2. That the function has a previous write and this will not be removed. In this interpretation of the contract, it is up to the user to ensure that the function has a previous write. This contract is much stronger: it requires that some write happened. It also requires that the user check the usage is correct; that is it must use unsafe.
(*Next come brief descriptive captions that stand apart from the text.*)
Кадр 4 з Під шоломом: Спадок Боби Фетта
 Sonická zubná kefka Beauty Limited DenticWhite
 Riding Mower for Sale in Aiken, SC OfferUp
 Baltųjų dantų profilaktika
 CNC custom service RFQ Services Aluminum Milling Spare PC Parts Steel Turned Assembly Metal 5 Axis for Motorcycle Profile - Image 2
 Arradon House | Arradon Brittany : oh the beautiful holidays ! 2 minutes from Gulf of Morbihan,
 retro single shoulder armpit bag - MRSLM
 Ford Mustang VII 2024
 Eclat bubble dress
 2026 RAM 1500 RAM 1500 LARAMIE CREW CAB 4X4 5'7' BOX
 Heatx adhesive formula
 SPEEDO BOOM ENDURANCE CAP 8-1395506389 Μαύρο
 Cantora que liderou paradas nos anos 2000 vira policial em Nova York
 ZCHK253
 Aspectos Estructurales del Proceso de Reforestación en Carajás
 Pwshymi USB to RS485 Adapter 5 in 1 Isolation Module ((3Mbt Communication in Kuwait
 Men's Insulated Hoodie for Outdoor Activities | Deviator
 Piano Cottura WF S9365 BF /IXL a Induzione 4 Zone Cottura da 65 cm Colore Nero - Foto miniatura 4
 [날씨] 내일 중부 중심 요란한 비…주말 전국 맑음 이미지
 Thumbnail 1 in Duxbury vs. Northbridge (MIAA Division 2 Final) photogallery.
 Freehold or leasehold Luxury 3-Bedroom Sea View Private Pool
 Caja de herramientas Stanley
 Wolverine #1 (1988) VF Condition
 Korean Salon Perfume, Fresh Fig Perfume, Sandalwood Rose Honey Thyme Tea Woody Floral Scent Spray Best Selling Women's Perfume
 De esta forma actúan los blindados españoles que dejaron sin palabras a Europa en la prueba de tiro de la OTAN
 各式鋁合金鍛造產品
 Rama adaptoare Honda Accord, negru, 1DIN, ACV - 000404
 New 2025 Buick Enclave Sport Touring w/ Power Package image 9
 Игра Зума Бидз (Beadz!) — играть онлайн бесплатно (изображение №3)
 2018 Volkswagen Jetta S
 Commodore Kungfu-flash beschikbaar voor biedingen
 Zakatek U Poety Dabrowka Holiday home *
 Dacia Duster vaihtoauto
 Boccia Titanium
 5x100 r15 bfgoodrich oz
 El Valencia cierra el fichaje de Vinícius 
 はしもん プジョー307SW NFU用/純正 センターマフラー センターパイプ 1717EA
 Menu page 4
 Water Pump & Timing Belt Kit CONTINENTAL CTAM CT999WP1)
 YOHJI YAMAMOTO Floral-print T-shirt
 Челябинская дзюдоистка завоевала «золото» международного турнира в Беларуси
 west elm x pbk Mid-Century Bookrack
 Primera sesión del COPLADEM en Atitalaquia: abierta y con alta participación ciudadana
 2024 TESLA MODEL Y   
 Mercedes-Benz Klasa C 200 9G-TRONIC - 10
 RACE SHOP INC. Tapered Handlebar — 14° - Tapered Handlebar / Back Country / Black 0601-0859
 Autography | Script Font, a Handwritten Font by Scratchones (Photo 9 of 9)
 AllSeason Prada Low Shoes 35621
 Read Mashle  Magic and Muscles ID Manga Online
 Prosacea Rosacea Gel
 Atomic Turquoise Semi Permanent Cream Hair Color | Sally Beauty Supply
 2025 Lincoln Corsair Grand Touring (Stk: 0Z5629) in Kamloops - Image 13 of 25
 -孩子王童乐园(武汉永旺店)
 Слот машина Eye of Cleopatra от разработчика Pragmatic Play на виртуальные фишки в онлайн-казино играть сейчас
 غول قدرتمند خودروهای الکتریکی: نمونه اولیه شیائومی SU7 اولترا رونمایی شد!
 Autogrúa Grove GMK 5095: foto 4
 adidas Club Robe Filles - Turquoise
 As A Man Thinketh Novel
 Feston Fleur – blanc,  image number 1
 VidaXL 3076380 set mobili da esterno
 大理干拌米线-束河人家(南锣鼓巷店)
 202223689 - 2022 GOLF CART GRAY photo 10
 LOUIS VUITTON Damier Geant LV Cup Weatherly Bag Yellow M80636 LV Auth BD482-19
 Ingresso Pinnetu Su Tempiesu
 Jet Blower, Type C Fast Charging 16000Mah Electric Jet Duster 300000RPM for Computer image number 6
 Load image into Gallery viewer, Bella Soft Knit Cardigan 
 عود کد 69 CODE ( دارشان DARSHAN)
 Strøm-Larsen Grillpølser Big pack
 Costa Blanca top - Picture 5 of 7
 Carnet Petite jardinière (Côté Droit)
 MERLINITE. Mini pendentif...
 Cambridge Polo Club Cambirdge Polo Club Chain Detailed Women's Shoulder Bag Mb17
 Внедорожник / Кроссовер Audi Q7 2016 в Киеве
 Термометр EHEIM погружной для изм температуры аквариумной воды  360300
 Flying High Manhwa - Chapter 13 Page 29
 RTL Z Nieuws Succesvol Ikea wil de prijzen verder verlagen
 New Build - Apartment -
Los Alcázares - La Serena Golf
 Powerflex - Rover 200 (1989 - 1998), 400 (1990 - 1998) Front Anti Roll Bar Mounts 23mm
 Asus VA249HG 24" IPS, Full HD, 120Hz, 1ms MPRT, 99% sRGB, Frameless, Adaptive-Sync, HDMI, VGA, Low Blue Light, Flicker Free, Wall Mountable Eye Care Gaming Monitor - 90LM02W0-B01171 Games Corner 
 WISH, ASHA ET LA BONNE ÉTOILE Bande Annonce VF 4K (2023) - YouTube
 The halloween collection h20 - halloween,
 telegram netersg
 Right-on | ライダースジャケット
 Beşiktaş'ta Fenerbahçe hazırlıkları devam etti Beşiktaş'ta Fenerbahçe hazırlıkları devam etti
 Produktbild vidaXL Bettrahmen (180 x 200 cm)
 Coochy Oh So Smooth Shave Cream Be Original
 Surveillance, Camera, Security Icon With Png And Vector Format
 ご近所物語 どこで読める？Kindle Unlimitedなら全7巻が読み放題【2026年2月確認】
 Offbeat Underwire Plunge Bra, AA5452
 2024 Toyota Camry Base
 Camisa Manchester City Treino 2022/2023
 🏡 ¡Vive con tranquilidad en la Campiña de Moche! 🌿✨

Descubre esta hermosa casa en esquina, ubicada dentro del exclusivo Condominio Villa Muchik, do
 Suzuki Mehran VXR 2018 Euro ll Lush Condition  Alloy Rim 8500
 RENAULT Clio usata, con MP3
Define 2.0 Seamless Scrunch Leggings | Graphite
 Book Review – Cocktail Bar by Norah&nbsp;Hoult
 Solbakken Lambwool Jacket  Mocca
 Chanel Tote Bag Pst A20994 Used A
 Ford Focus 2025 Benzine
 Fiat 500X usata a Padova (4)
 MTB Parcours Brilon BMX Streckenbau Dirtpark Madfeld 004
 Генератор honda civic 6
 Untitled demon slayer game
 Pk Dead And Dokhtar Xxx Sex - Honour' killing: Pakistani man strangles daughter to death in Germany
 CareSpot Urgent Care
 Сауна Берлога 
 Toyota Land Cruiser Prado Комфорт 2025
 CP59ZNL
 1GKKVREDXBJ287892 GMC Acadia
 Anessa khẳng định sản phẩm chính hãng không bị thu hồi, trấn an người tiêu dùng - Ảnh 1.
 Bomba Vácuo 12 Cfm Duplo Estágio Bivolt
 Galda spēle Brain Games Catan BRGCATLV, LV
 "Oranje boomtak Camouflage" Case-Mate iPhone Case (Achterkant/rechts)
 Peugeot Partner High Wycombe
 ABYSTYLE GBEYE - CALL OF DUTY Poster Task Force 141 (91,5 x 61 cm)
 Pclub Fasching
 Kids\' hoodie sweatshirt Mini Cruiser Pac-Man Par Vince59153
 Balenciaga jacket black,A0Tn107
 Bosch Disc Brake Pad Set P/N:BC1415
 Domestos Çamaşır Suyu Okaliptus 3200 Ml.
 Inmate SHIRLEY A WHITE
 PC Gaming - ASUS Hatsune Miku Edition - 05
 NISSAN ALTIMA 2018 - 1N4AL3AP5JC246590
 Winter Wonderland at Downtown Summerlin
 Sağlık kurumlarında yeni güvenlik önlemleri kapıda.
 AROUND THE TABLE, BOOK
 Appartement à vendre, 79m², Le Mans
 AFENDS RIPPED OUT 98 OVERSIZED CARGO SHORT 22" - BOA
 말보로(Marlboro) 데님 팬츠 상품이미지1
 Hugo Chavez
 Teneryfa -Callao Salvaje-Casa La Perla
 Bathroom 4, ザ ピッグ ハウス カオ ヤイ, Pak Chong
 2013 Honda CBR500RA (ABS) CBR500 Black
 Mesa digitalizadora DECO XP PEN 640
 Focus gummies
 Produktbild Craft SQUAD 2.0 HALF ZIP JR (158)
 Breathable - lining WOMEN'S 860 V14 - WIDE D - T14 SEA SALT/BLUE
My opinion is thus that optimization_barrier should thus be:

/// Observe the referenced data and prevent the compiler from removing previous writes to it. The user must ensure the existence of previous writes.
/// ...
unsafe fn enforce_write<R: ?Sized>(val: &R) { /* ... */ }

[newpavlov]

It obviously should not. This function is essentially a "hardened" variant of core::hint::black_box.

[dhardy]

core::hint::black_box is a hint with a disclaimer that it works on a "best effort" basis. The zeroize crate claims:

Securely zero memory with a simple trait (Zeroize) built on stable Rust primitives which guarantee the operation will not be “optimized away”.

[newpavlov]

This guarantee has nothing to do with the notion of memory safety.